▸ Problem:
Write only how many lines of the listing below include the string "Silver".
[[ Data to use open ]]
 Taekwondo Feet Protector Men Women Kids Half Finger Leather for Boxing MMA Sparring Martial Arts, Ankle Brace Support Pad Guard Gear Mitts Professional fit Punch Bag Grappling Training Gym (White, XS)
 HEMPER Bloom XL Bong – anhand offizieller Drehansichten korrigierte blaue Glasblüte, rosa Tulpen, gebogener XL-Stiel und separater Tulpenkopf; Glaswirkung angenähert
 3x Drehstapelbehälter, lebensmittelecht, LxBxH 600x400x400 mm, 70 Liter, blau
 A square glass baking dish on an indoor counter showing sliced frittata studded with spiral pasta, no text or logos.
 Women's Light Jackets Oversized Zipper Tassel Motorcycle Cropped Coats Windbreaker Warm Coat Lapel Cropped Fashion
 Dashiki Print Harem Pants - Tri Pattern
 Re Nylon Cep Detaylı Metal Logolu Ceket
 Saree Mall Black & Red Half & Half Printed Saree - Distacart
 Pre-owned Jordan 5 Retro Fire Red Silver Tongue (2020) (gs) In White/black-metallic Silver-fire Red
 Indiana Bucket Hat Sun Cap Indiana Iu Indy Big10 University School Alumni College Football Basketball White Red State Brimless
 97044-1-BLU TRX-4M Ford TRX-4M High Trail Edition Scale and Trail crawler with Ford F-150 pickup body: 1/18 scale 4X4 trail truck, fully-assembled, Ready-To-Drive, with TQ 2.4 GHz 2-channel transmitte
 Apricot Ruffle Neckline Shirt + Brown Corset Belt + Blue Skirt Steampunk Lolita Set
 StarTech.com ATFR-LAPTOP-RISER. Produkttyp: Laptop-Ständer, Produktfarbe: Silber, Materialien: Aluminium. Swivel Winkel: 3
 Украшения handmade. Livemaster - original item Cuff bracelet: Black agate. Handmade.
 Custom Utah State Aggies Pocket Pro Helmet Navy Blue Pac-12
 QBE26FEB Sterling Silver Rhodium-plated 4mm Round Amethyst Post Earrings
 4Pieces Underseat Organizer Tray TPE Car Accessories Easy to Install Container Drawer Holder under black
[[ Data to use closed ]]
▸ Answer for this exercise:
2